You can work through all the elements of your plot, character, etc. with any number of terminologies. You can pin and mount it like a butterfly until it looks exactly like the hero's journey or whatever other model you choose. It still won't write the script for you. You have to find something which a lot of otherwise smart writers somehow think they're above worrying about.

Where is my character at the beginning of the scene? What is his or her state of mind? What's in front of them? What would they do?

Often it's not actually what you want them to do. This is why a number of writers try not to look at this stuff.

But it's exactly WHY you should look at this stuff. Nine times out of ten there's a far more interesting way to let your character's internal misbehavior play out against their universal desire (or whatever terms you choose) than you'll ever map out in a synopsis. How do you find it? Character intention.

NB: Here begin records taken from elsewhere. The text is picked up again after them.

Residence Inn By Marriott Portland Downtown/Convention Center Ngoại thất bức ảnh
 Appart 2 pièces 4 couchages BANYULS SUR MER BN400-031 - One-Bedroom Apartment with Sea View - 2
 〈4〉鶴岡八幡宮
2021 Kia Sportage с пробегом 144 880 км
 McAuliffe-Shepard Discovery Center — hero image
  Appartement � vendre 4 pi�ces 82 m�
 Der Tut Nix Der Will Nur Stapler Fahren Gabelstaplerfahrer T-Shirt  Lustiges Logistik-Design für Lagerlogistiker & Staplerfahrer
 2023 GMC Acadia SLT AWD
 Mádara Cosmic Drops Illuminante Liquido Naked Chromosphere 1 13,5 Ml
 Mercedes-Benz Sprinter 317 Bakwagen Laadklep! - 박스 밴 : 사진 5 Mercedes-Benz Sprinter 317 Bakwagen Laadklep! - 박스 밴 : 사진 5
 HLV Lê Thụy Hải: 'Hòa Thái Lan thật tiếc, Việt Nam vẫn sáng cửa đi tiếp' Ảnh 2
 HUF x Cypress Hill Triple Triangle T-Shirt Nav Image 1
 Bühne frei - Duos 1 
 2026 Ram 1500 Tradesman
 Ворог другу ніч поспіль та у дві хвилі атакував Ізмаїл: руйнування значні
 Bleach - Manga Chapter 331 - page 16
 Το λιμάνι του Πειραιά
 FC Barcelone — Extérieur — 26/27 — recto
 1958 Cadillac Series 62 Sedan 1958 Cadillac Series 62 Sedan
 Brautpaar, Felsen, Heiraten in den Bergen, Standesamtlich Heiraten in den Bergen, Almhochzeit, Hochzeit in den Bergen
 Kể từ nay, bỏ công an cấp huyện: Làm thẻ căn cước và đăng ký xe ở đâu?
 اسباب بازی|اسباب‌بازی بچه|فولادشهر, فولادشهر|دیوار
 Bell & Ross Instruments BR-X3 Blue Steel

I've always found it remarkable that working from character intention always somehow leads you back to the question in your audience's head. It seems somehow obvious -- after all, the audience reads the plot through the characters. But it's fascinating to watch that interplay in action as you write.

If I don't find the character's intention leading me to the audience question by the end of the scene, I've usually done something wrong. I go back and look at my conflict, and whether I'm really listening. And sometimes I find it in my pages and pages of notes full of screenwriting mumbo jumbo. But usually I find it right there on the page in front of me, in a joke waiting to be told, or a prop sitting on a table, or in the perfect expression of that next level of meaning you dared not approach in your fancy notes.